If there were advances, they were to be found in the G7’s vision for a different kind of engagement with the emerging economies that are driving the growth in the world’s emissions. A $600 billion infrastructure plan to counter China’s Belt and Road could lay the foundations for green energy in Africa, Latin America and Asia. Similarly, targeted interventions in coal-hungry economies — namely Vietnam, Indonesia, South Africa, India and Senegal — are now on the G7’s agenda.
They also agreed, tentatively, to form a Climate Club by the end of the year — an effort to incentivize green competition across the world, especially in China and big emerging economies, which were explicitly invited to join.
But on all of the above, details and real money were notably sparse. The game of catch-up on Belt and Road is agonizingly slow. The plans were announced at last year’s G7 meeting, but have made no concrete progress since.
Seven outgunned on the mountain
The political lifetimes of most of the G7 leaders are draining away even more rapidly than the ice of the Zugspitze glacier. But while the perspectives of the mighty in the valley below were being narrowed, at the summit’s other summit there were those who were blessed — and cursed — with a far longer view.
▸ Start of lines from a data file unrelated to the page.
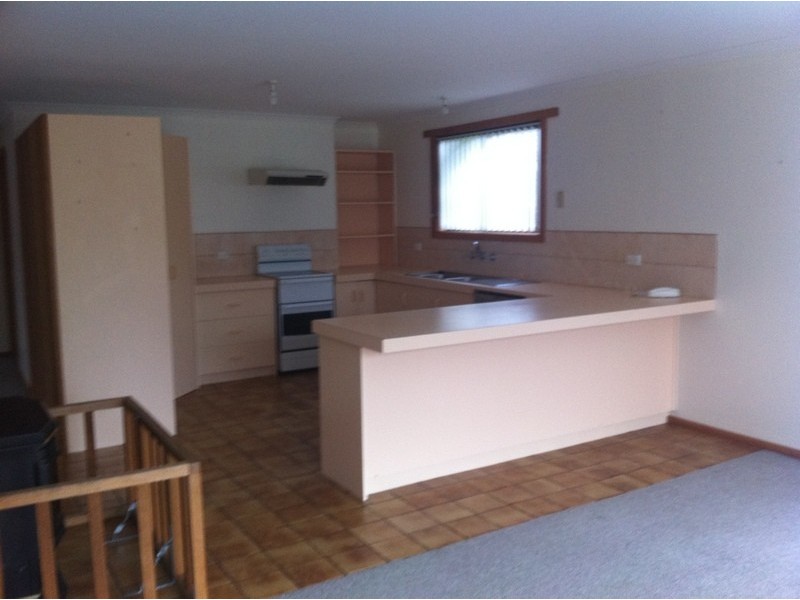 20 Winston Avenue, Seven Mile Beach TAS 7170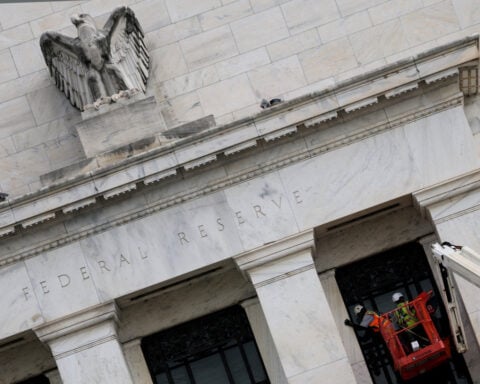 Trading Day: Tech cools, Trump's Fed ire burns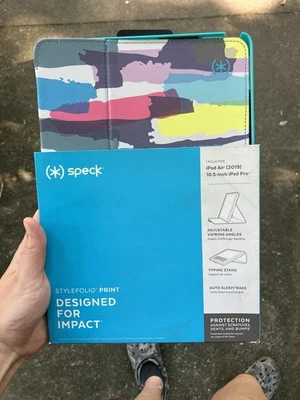 iPad Holder SPECK STYLEFOLIO PRINT IPAD AIR (2019) 10.5" IPAD PRO, MULTI CAMO - Image 1 of 2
Theresa Zwinger’s family has run a restaurant on the mountaintop for over a hundred years. Her father, Hansjörg Barth, who is 74, does the cooking. He said the glacier has shrunk by 90 percent in the past half century.
“This used to be an unbroken blanket of snow, all snow-white, and in the middle the eye of the glacier, as they called it, the green glacier lake,” said Barth. “A beautiful picture.” Now the once-mighty sheet that literally carved the shape of the mountainside is a dirty off-white smudge in a high corner, surrounded by bare rock.
Zwinger, who is 30 years old, works as a personal injury lawyer during the winters but, like three generations before her, she works in the restaurant every summer. If she has children, she’d like them to continue the family tradition.
“But I don’t think they will,” she said. The foundations of the restaurant are sunk into the permafrost, which according to a scientific survey, has begun an irreversible melt of its own. The mountain itself will start to crumble beneath them as the ice that holds it together disappears.
In the face of such inexorable decline, the father and daughter — who understand nature better than any of the leaders down below — are skeptical that their accumulated power is any match for the planet’s unleashed forces.
“If the seven stick together, I think Putin will have to think again,” Barth said.
Zwinger, who was translating for POLITICO from her father’s heavy Bavarian dialect, explained the question was about an even more formidable menace: “No, he means climate change.”
“Ah climate change, that does zero for climate change,” he said.